| WORK ORDER |
Restate the listing word for word; omit the images.

| DATA PROVIDED |

###

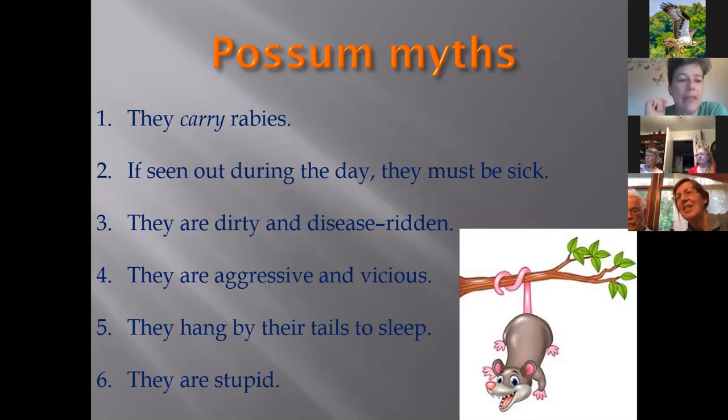Another myth is that possums are dirty and disease-ridden — they are actually extremely clean animals, much like cats; if they're not eating or sleeping they spend most of their time grooming. Another myth is that they are aggressive and vicious. By nature possums are extremely docile and just want to get away from you. When cornered they will puff up and show their teeth, but for the most part they're very docile.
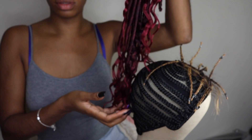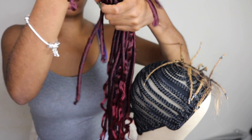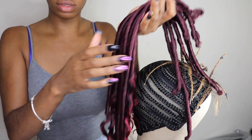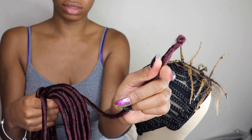The hair I'm using today is by Zuri — it's their goddess braid loose wave in 26 inches. I have about 10 packs. The hair comes pre-looped and is perfect for crochet. It has these beautiful loose waves at the bottom and comes in a variety of colors.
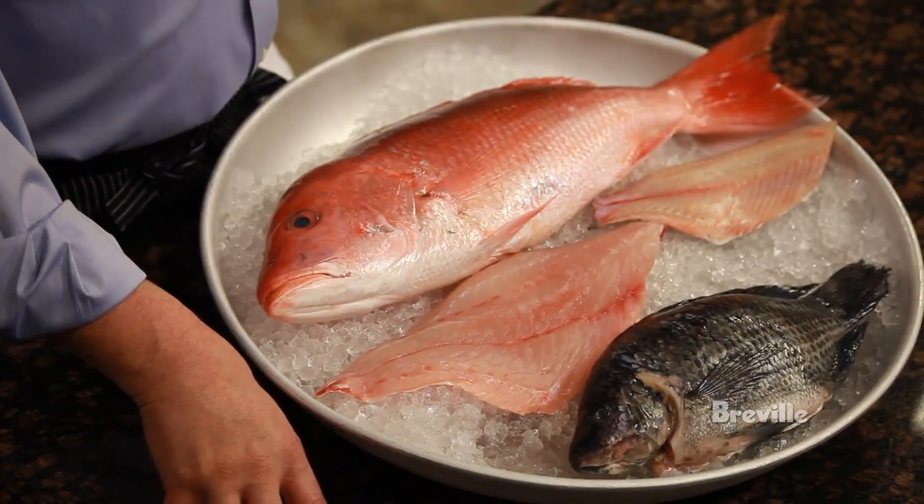Snapper is a wild fish, is very nutritious for you, has the omega-3s, but not always available. Wild snapper is an expensive fish that's available seasonally. Today we're going to make a wild snapper that's roasted with wok seared vegetables.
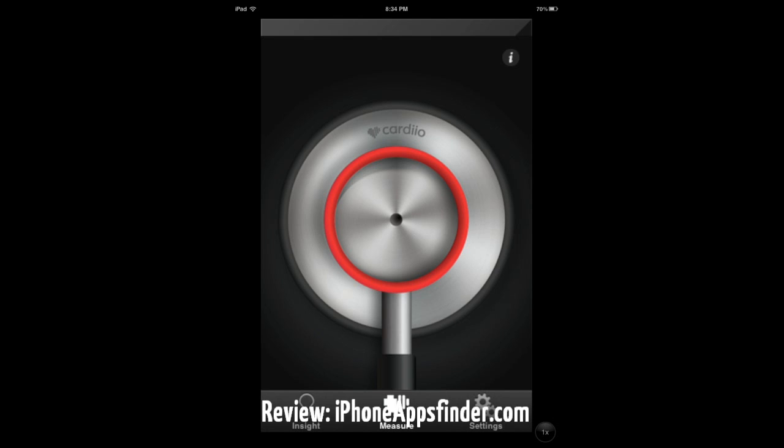I didn't have to touch it much — well, I did have to touch the middle of the circle just to start the process. One of the issues I have with this app is the accuracy.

###

| TASK ANSWER |
Another myth is that possums are dirty and disease-ridden — they are actually extremely clean animals, much like cats; if they're not eating or sleeping they spend most of their time grooming. Another myth is that they are aggressive and vicious. By nature possums are extremely docile and just want to get away from you. When cornered they will puff up and show their teeth, but for the most part they're very docile.
The hair I'm using today is by Zuri — it's their goddess braid loose wave in 26 inches. I have about 10 packs. The hair comes pre-looped and is perfect for crochet. It has these beautiful loose waves at the bottom and comes in a variety of colors.
Snapper is a wild fish, is very nutritious for you, has the omega-3s, but not always available. Wild snapper is an expensive fish that's available seasonally. Today we're going to make a wild snapper that's roasted with wok seared vegetables.
I didn't have to touch it much — well, I did have to touch the middle of the circle just to start the process. One of the issues I have with this app is the accuracy.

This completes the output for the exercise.